_Work instructions_
Copy word for word the lines of the records below, beginning at the one with "Rare snowstorm hits New Orleans, Louisiana" and finishing at the one with "Fewdays Barcelona Apartments Экстерьер фото", ends included, but none of the pictures.

_Listed records_
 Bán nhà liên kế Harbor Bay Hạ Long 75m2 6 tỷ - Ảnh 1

--

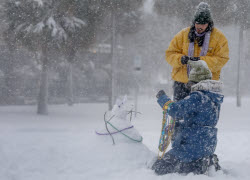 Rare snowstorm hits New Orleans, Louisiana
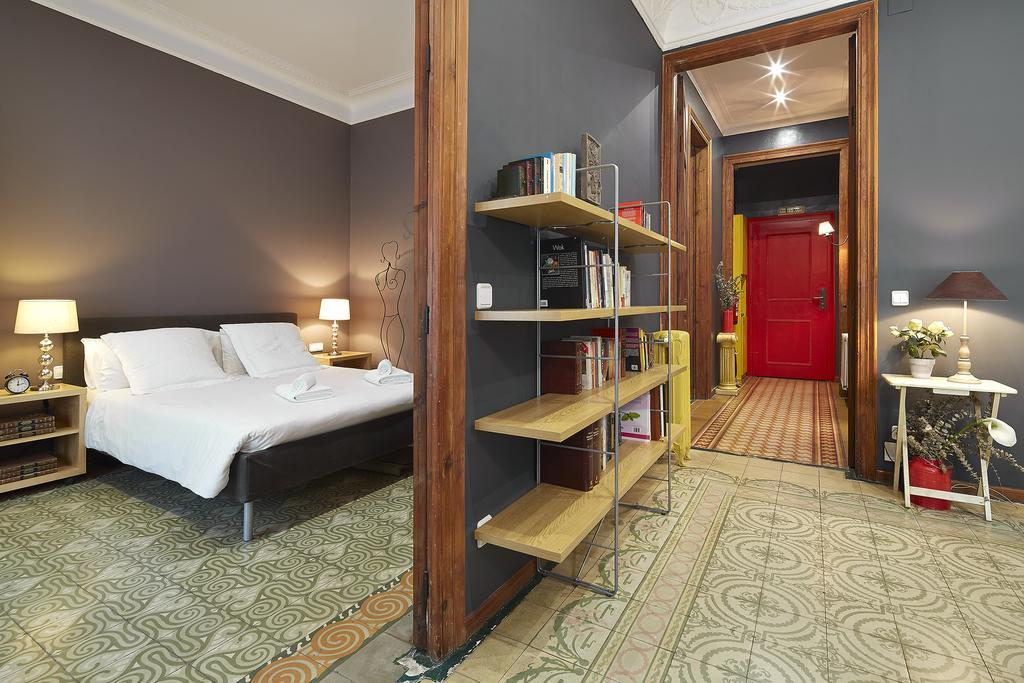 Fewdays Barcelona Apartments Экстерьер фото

_Solved problem_
 Rare snowstorm hits New Orleans, Louisiana
 Fewdays Barcelona Apartments Экстерьер фото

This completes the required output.